The other obvious rebuttal to complains about loose adaptations is that if you liked the LotR movies you should be fine with writers adapting Tolkien, as the movies changed plenty of things. And indeed, I am rather fond of the movies--the bits that don't reek of cookie-cutter movie plotting 101 oh-no-i-need-a-dramatic-beat-here. Which the LotR movies have plenty of.
What works in the movies:
1. The Balrog and the bridge of Khazad-dum. The balrog in particular is A-1. Jaws like a refinery blast furnace. Superb.
2. The death of Boromir
3. Helm's Deep
4. Smeagol in all his slimy slippery glory
5. The ride of the Rohirrim
6. Eowyn confronts the Witch-King
7. Sam's indefagitable po-ta-toes down to earthiness
What is bloody stupid in the movies:
1. Aragorn grabs a ghost by the neck--a ghost, a being whose single, universal attribute is that its neck is non-grabbable
2. Frodo tells Sam to "go home" at the border of Mordor, something like 3000 miles from home, because he suspects Sam ate a bit of bread
3. Faramir drags Frodo and Sam all the way to Osgiliath, nearly gets them captured, then abruptly lets them go
4. Sam, the most down to earth character imaginable, is asked what they are "fighting for" and instead of saying the most in-character and obvious thing possible ("home") gives some moronic speech about there being good in the world
5. Arwen is sick because of the ring or some shit, I don't know
6. Aragorn goes missing for a bit so he can have a wet dream
7. Treebeard is utterly unaware that Saruman has been cutting down trees until it is pointed out to him
Guess which of the two lists is entirely made up of things adapted by the writers.

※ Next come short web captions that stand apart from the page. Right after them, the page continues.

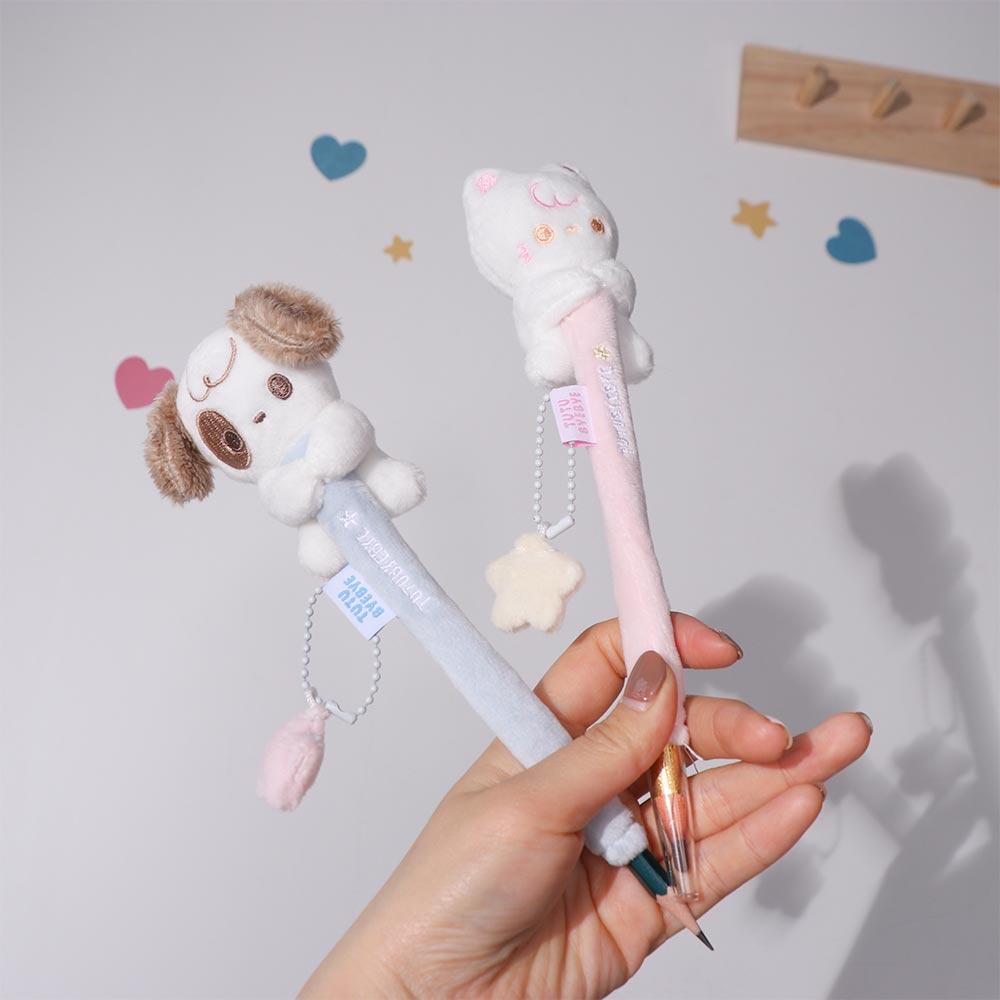 Dog Tablets Pen Protective Case Plush Plush Pencil Sleeve  Tablet Touch Pencil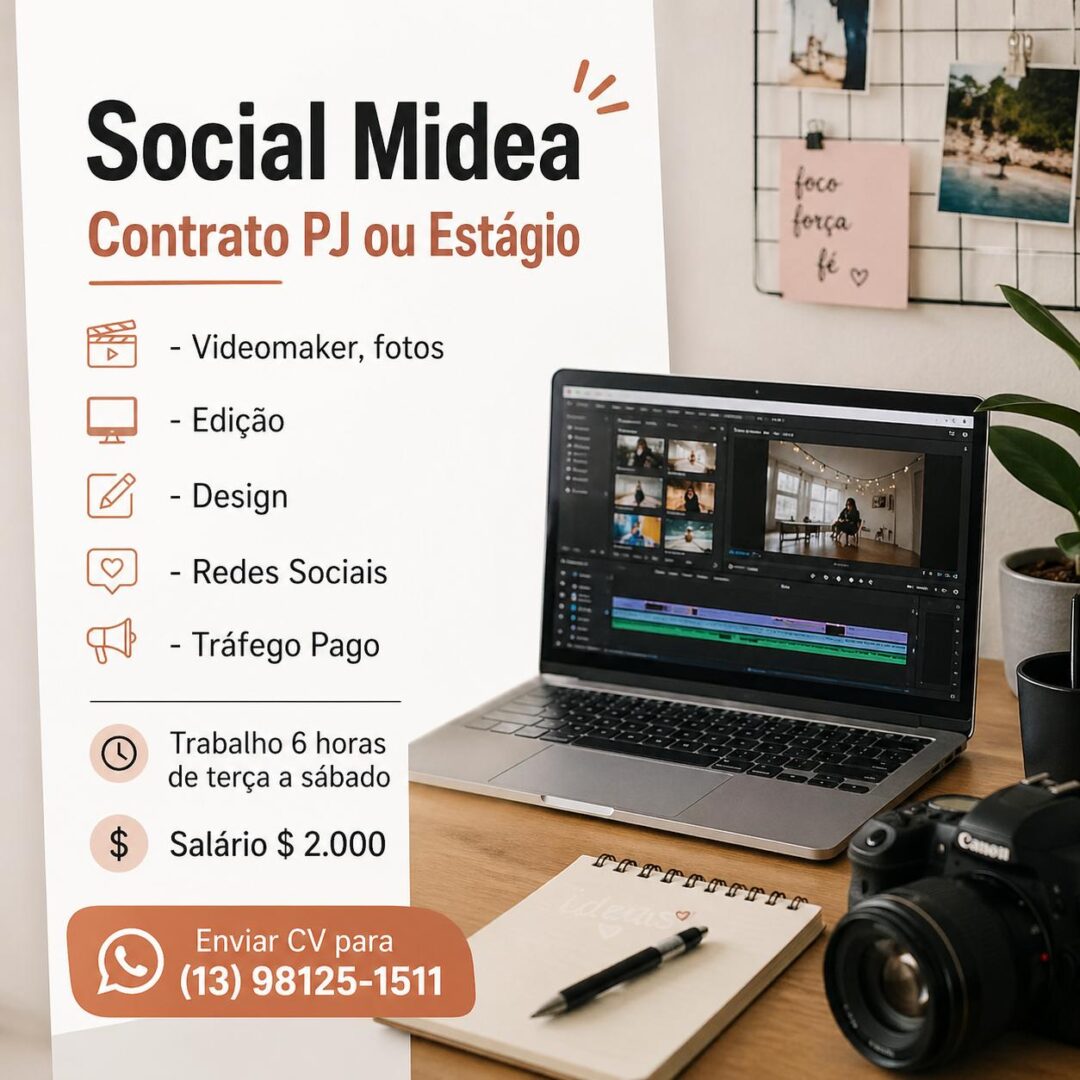 Vagas 26/04/2026 Baixada Santista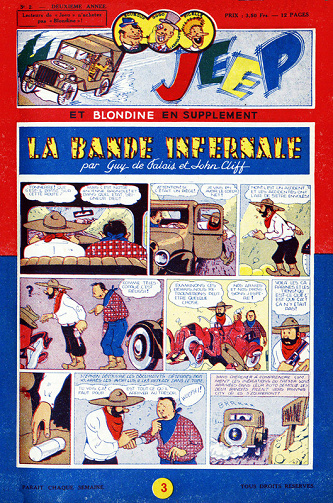 Jeep et Blondine - Tome 03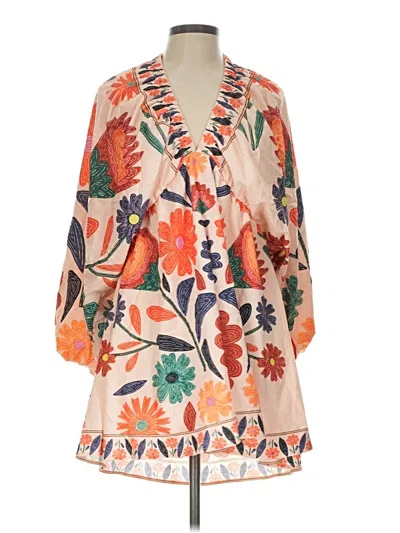 Pre-owned Shein 3/4 Sleeve Blouse In Orange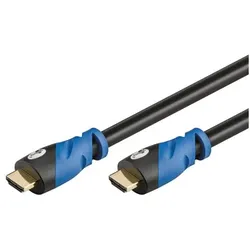 goobay HDMI-Kabel »Premium High Speed« 1,5 m blau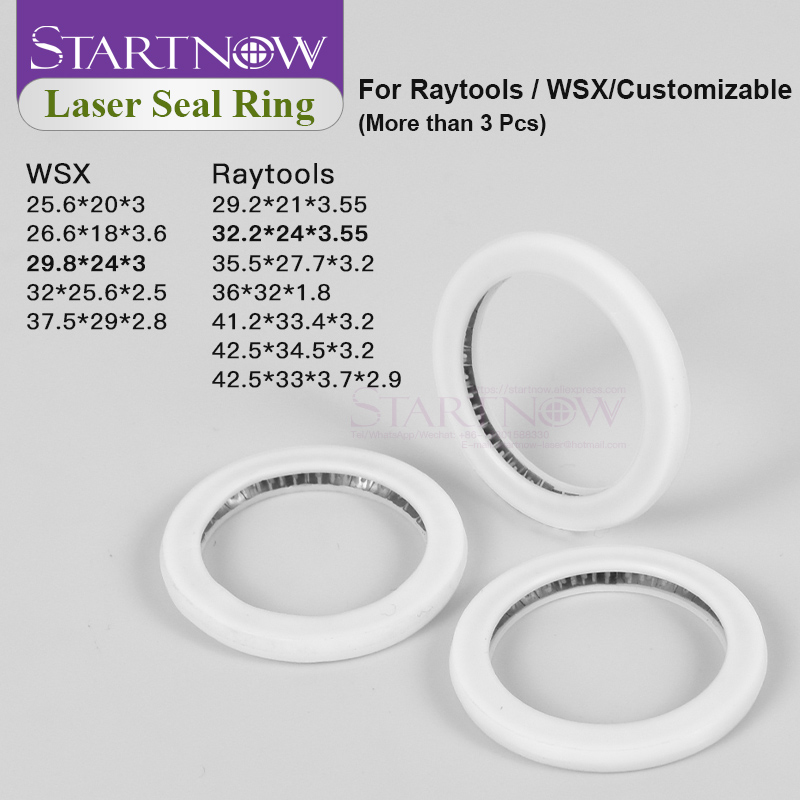 Industrial Fiber Laser - Startnow Laser-Dichtungsring für WSX Raytools Faserlaser-Schneidkopf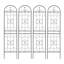 Ensemble de 4 treillis de jardin en métal antirouille de 19,7 po pour plantes grimpantes support de fleurs extérieur noir-112835503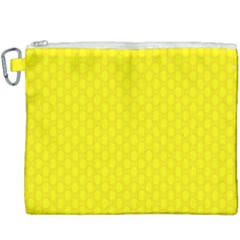 Soft Pattern Yellow Canvas Cosmetic Bag (xxxl) by PatternFactory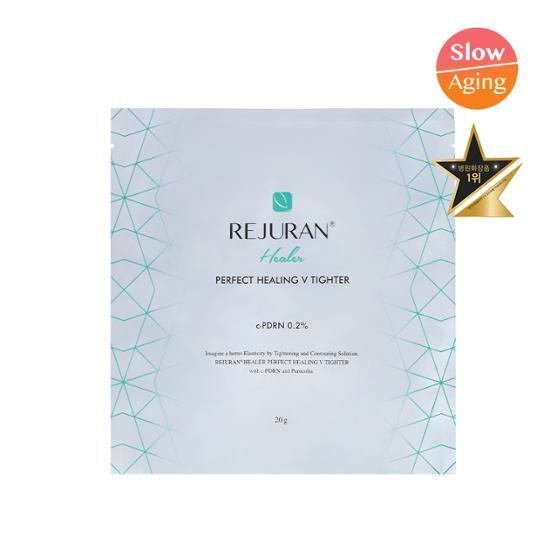 Alt text: Rejuran Healer Perfect Healing V Tightening Mask - 1 sheet, K-Beauty skincare product designed for rejuvenation and skin tightening.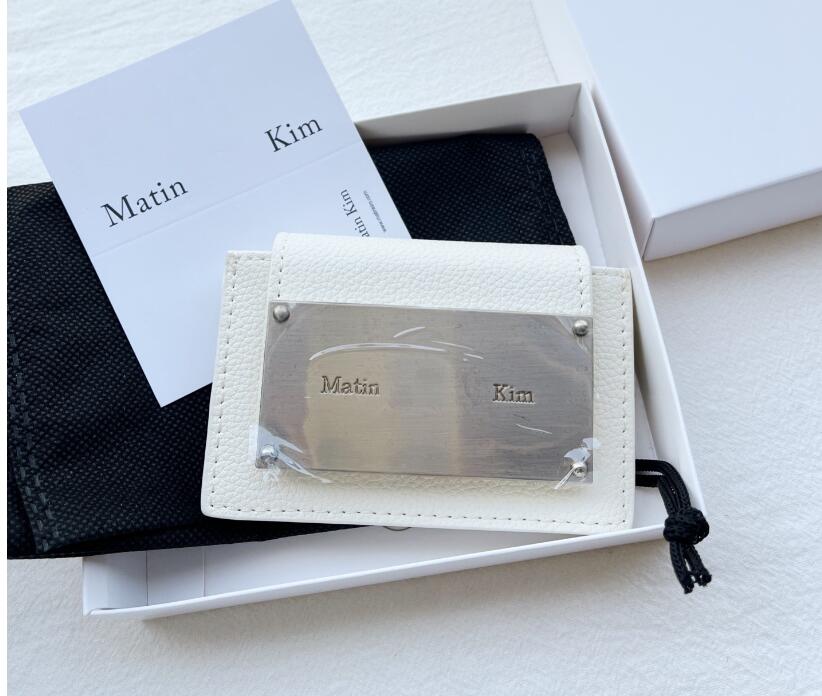 安全 Matin Kimマーティンキム 財布 小物 カードケース 名刺入れ 韓国ファッション無地 レザー 本革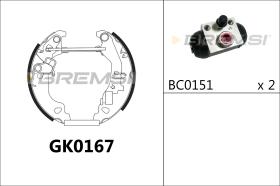 Bremsi GK0167 - BRAKE PADS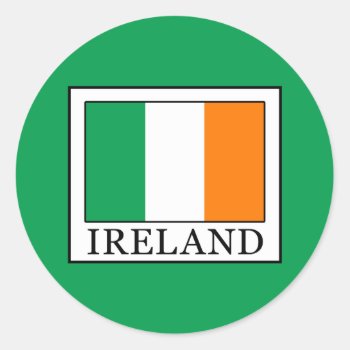 Ireland Classic Round Sticker by KellyMagovern at Zazzle
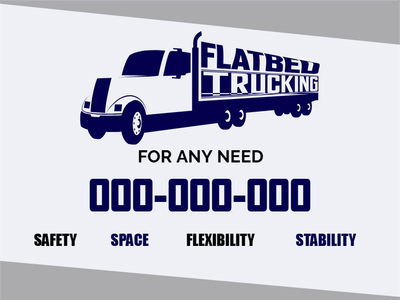Custom Outdoor Yard Signs Multiple Sizes Flat Bed Trucking For Any Need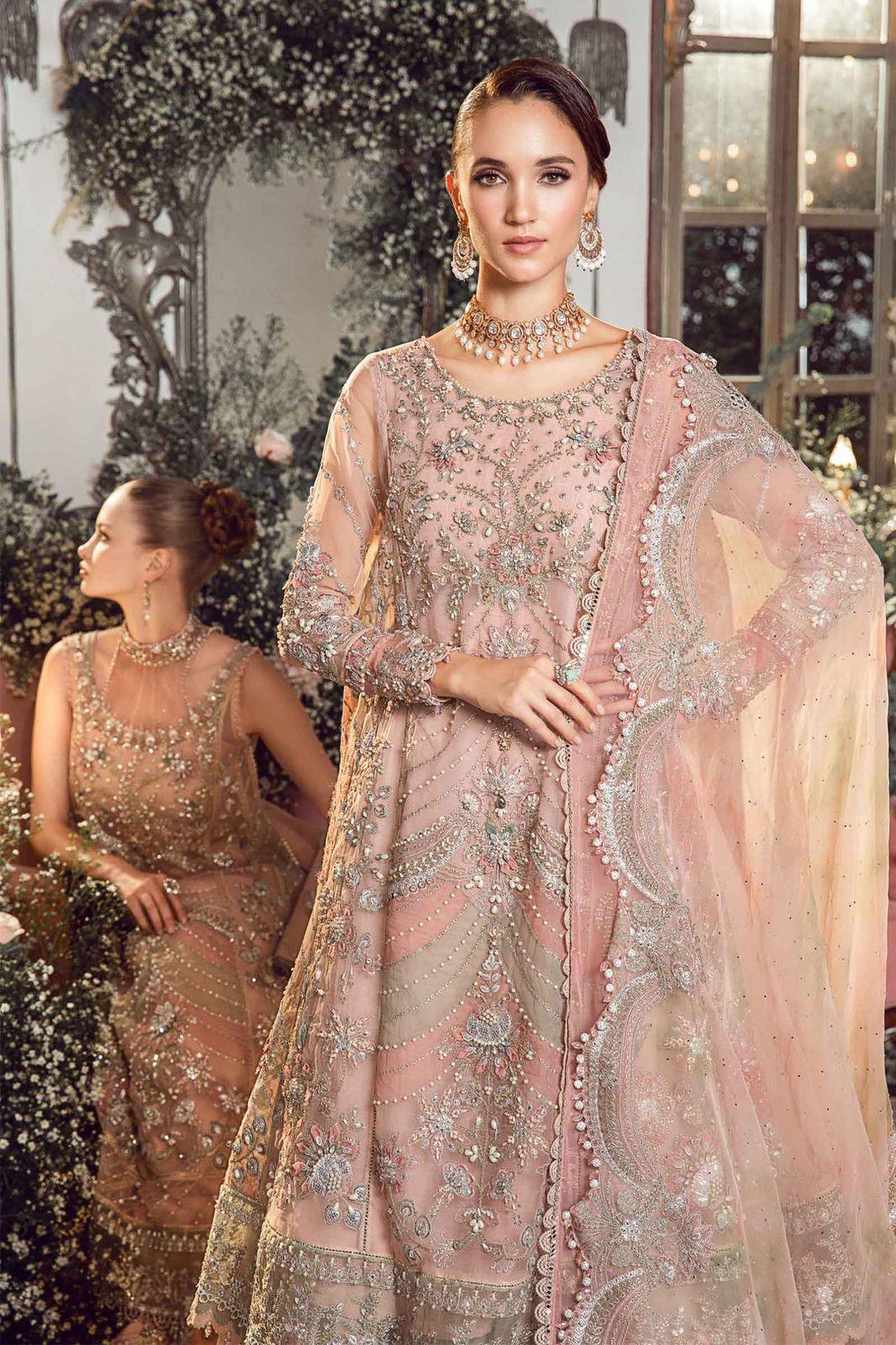 Maria B - Pastel Pink BD-2706 - House Of Hania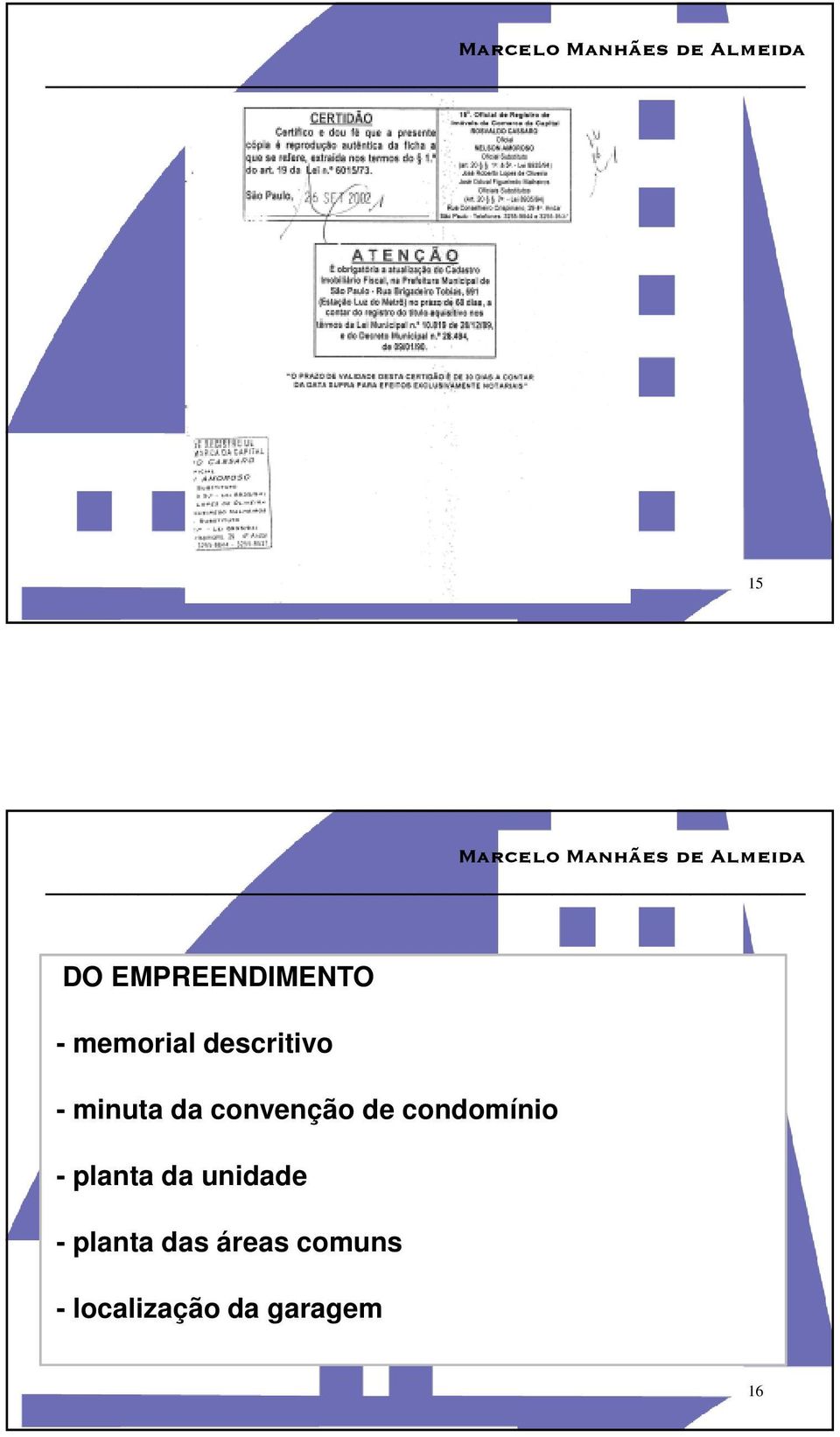 condomínio - planta da unidade -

Given Peter Jackson's track record since the trilogy, I tend to ascribe virtually all of the success of the movies to the quality of the production design and the folks at Weta, with some left over for the stellar cast, and virtually none to the writing team. The changes were nonsensical and baffling and precisely what you get when people trained to write scripts write scripts.
I will forever remember an interview in which British medievalist and Tolkien scholar Tom Shippey said no modern author in their right mind would write the Council of Elrond chapter as they wouldn't trust their audience to bear with them. There's a lesson there, as I sometimes think there's a lesson in the enduring popularity of that other oddly-written SFF tentpole, Dune, in that what is seen as sensible or "necessary" for the medium is not always so.
To quote no less an authority than my own brother, there are two ways to succeed: do what you do better than anyone else, or do something different from anyone else. The former is almost impossible, so it's a wonder so few people try the latter.